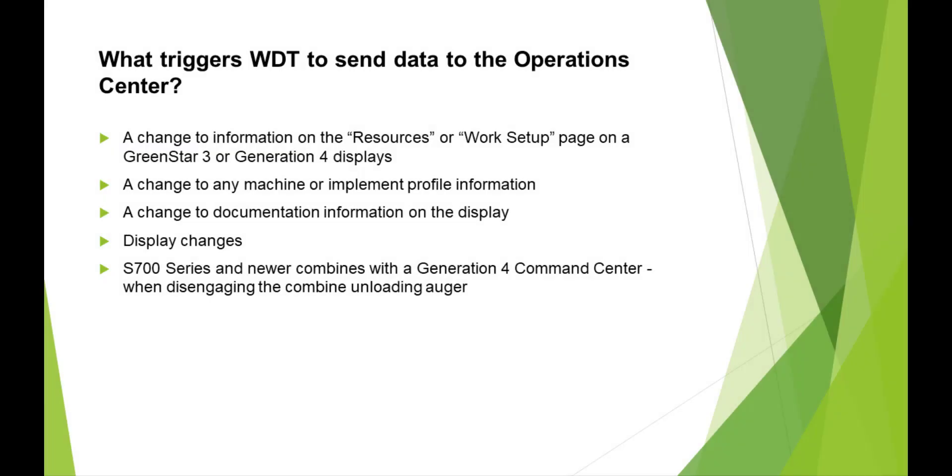What triggers WDT to send data to Operations Center? A change to information on the Resources or Work Setup page on GreenStar 3 or Generation 4 displays, a change to any machine or implement profile information, a change to documentation information on the display, display changes, and if you have S700 series and newer combines with a Generation 4 Command Center, WDT will also be triggered when disengaging the combine unloading auger.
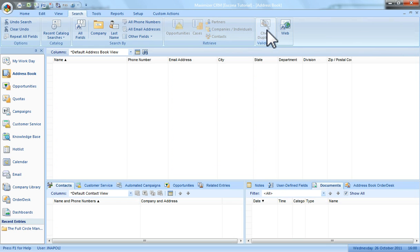However, what if the company name is not an exact match? Check for duplicate only looks for exact matches.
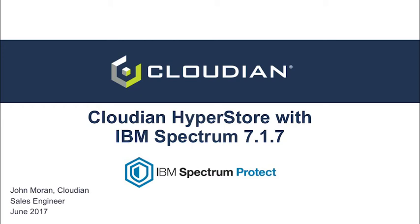Hi, my name is John Moran. I'm a Cloudian sales engineer in the New York, New Jersey metro area, and today we're going to be talking about Cloudian Hyperstore with IBM Spectrum 7.1.7.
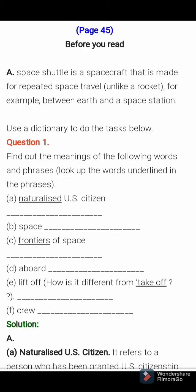Hello everyone. Last class we completed the chapter 'An Indian American Woman in Space.' So today we can complete the textual activities. Page number 45, before you read — there are some questions we can fill in the textbook itself. A space shuttle is a spacecraft that is made for repeated space travel; for example, between earth and a space station — we already discussed that.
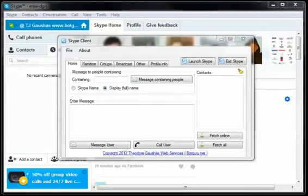Skype marketing software. Here in this first tab we're going to go over sending messages to people on your contacts list, either by full name or their Skype username, and it's containing text.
•••
TASK DETAILS. Everything from the line with "However, what if" through the end of the records above, and nothing else, is to be quoted exactly; please leave the pictures out.

COMPLETED EXERCISE.
However, what if the company name is not an exact match? Check for duplicate only looks for exact matches.
Hi, my name is John Moran. I'm a Cloudian sales engineer in the New York, New Jersey metro area, and today we're going to be talking about Cloudian Hyperstore with IBM Spectrum 7.1.7.
Hello everyone. Last class we completed the chapter 'An Indian American Woman in Space.' So today we can complete the textual activities. Page number 45, before you read — there are some questions we can fill in the textbook itself. A space shuttle is a spacecraft that is made for repeated space travel; for example, between earth and a space station — we already discussed that.
Skype marketing software. Here in this first tab we're going to go over sending messages to people on your contacts list, either by full name or their Skype username, and it's containing text.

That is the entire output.